There was strong evidence militating against the truth of D’s allegation that C had stolen from the Jazz Club. There was no evidence that any money had gone missing. Conversely, the evidence of two witnesses, on whose testimony the Judge relied, had their reliability seriously undermined by other matters and had not been properly tested in cross-examination.

The finding that the allegation was true was one he was not properly entitled to reach.


(3) It is not possible to make a definitive finding that the Judge reversed the burden of proof.

The Judge was aware that, as a matter of law, the burden of proof lay on the Ds. However, he suggested at times that C had to prove his innocence of the charges made against him, and that if C did not provide evidence rebutting allegations against him he would face adverse findings.
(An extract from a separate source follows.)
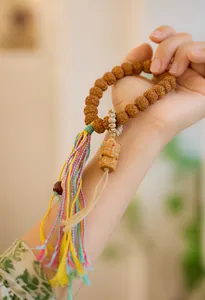 Detailopname van Rudraksha-armband met kleurrijke kwastjes en een houten Boeddha-hanger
It was, however, not clear that the Judge made these comments suggesting the evidential burden had shifted or on what basis.


(4) The Judge was wrong to award C no damages.

The Judge held that even had the defence under section 4 of the Defamation Act 2013 not succeeded, he would not have awarded damages in relation to the unproven allegations because C’s reputation was ‘shot to pieces’. However, as the Judge was wrong to find the C had stolen from the Jazz Club (as held in relation to the second ground of appeal above), the position is markedly different. While the Judge’s findings in relation to the truth of other allegations remained undisturbed, it would not have been open to the Judge to say C’s reputation was ‘shot to pieces’. Accordingly, C would be entitled to proper vindication and compensatory damages in respect of the unproven allegations.


(5) The trial was unfair.

It is a fundamental tenet of the administration of justice that judges act, and are seen to act, fairly and impartially throughout trial. The Judge “seriously transgressed” the core principle that a judge remains neutral during the evidence, and acted at times in a manner that was unfair and hostile to C. The nature, tenor and frequency of the Judge’s interventions rendered the trial unfair.


This is the second Court of Appeal case after Economou to consider the Public Interest defence under section 4 of the Defamation Act 2013. The case is also notable for the findings of unfairness against a judge at first instance, which were of such a degree that the trial itself was rendered unfair.

The Court of Appeal held that  whether an article is in the public interest depends not merely on subject-matter, but also the context, timing, tone, seriousness and other relevant factors [48].  In relation to subject-matter, the Court emphasised the distinction between activities in private and public spheres and held that allegations as to the Claimant’s conduct in the private capacity could not be said to contribute to any debate of public interest [53].

The Court also noted that the Judge should have given adequate consideration to C’s Article 8 ‘right to reputation’. The s.4 defence should be confined to what is necessary to protect the Article 10 right to freedom of expression, while allowing a claimant’s Article 8 rights to be vindicated by having a remedy to the publication allegations that are unproven.

The Court also highlighted requests for comment from a subject of a story as being the ‘core’ factor in determining whether a belief is reasonable under section 4(1)(b). It adopted the Reynolds checklist, which retains its relevance in determining the statutory defence (despite the abolition of the eponymous common law defence by virtue of section 4(6) Defamation Act 2013).